Early in November NEM Vietnam, which is the second largest maker of women’s apparel in the country, made announcement on its website that their brand and Stripe International, a Japanese fashion retailer, had started business negotiations for the latter that implied that Stripe International would acquire a stake in NEM.
According to Hanoi times, Stripe wants to take over the fashion business of NEM in Vietnam as they own the NEM women’s fashion brand, which possess huge potential as it has 44 stores across the country and its target customers are women aged 20-40. By this takeover NEM’s revenue is expected to rise by 20 per cent this year to US$26 million.
The newspaper also quoted Yasuhary Ishikawa, the president of Stripe, he said that acquisition of NEM is part of their business plan to enter the Vietnamese fashion market.
Although there has been no official statement made by NEM on the acquisition deal, the industry analysts have expressed their concern over Vietnamese fashion industry that face the threat to be taken over by big foreign businesses in the near future.

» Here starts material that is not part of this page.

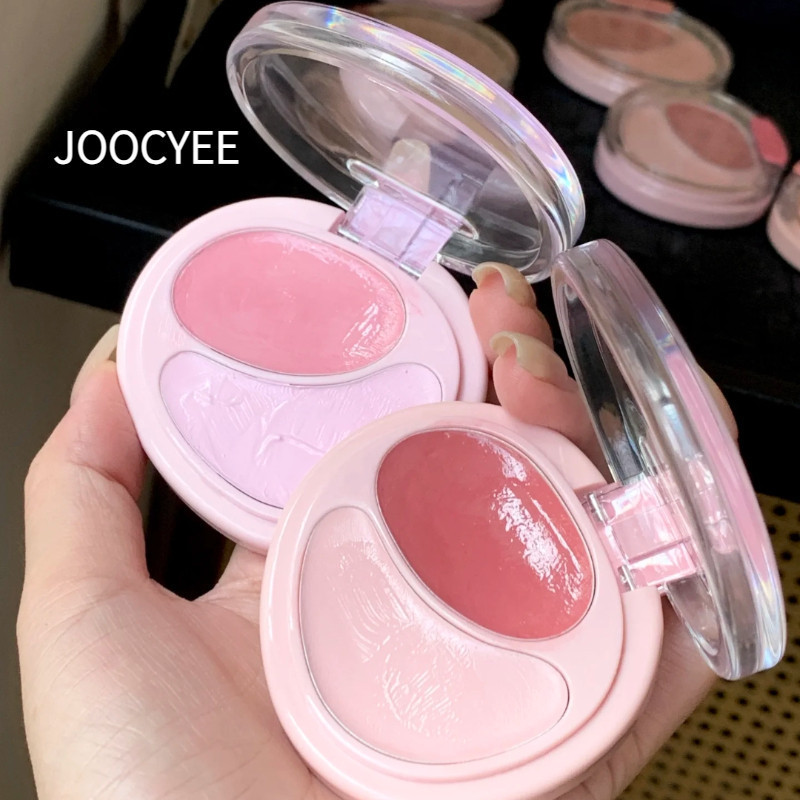 JOOCYEE หน้าแดงสองสีน้ำ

Industry insiders said the concern is not baseless as the Vietnamese consumers, particularly young generation, loves foreign fashion brands.
For instance, when famous Swedish brand H&M opened its first company outlet last on September 9, a two-storey 2,200-square-metre flagship at Vincom Đồng Khởi in Hồ Chí Minh, more than 4,000 people queued up outside the store and a record of total of 10,000 people visited it on the opening day itself.
Several other international fashion brands such as Mango and Topshop have also ventured into Vietnam’s fashion market. Topshop has opened four stores.
According to a data released by Vietnam Textile and Garment Group, the apparel industry is growing at 20 per cent annually. Total value of the market is now $4.5 billion a year. And the entry of famous international fashion brands has intensified the price battle, design and international features competition.